▶ Given data
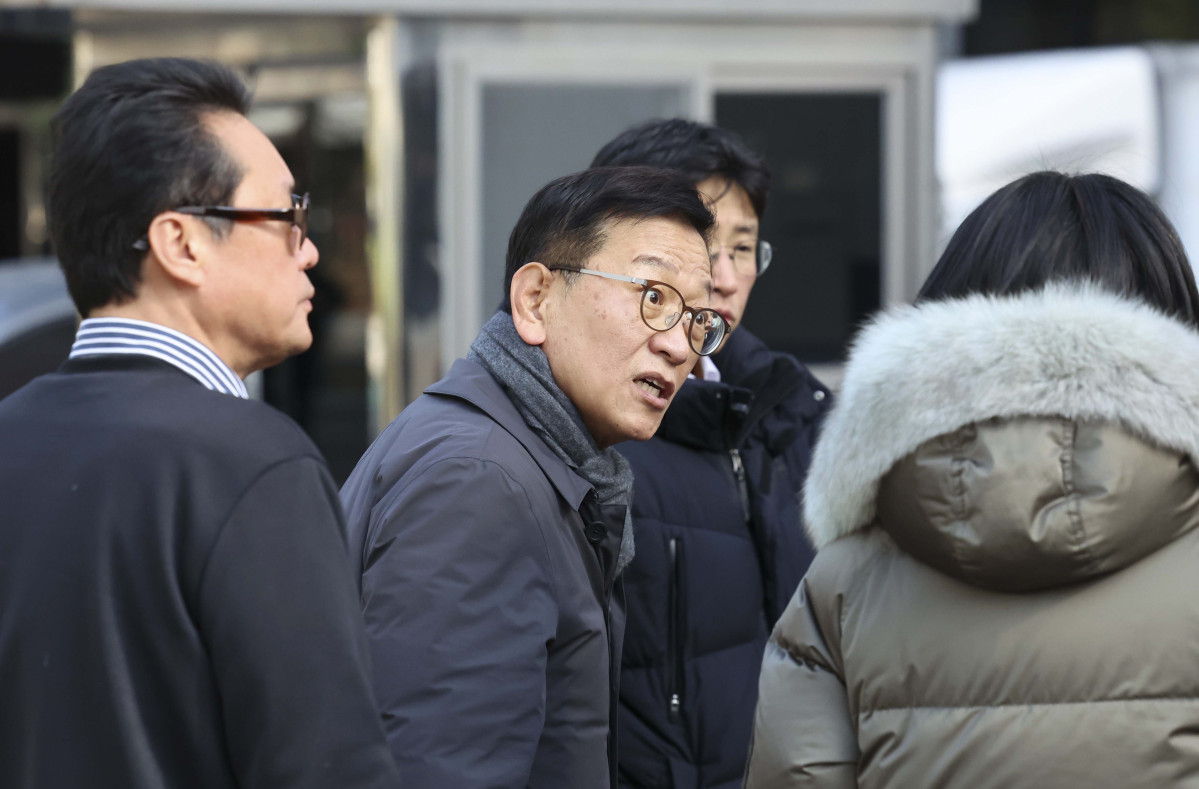 ▲윤석열 대통령 측 변호인 석동현 변호사가 18일 서울 마포구 서울서부지방법원에서 윤석열 대통령 구속 전 피의자 심문(영장실질심사)에 출석하고 있다. 신태현 기자 holjjak@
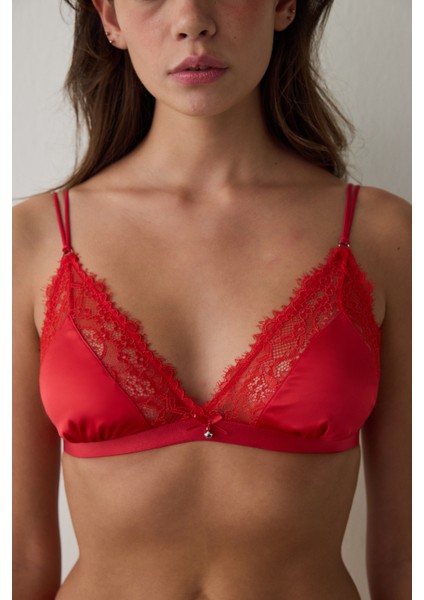 Kırmızı Satin Lace Triangle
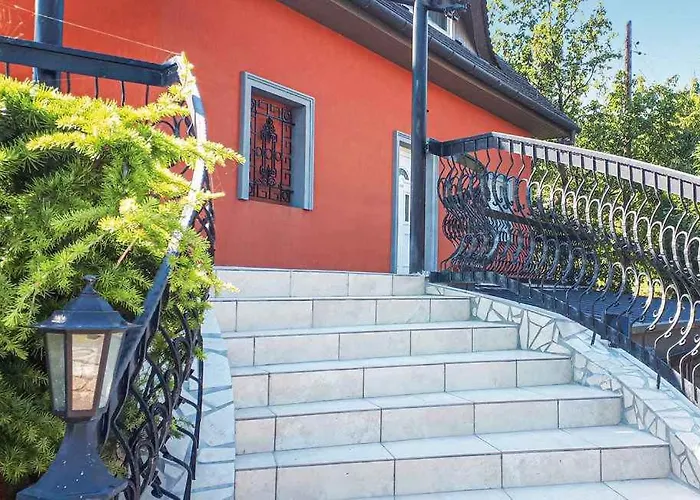 In Balatongyoeroek 40844 펜션 Becehegy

▶ Task instructions
Repeat only the lines from the one holding "Kırmızı Satin Lace Triangle" through the last line of the data, inclusive. Keep the pictures out.

▶ Response to the task
 Kırmızı Satin Lace Triangle
 In Balatongyoeroek 40844 펜션 Becehegy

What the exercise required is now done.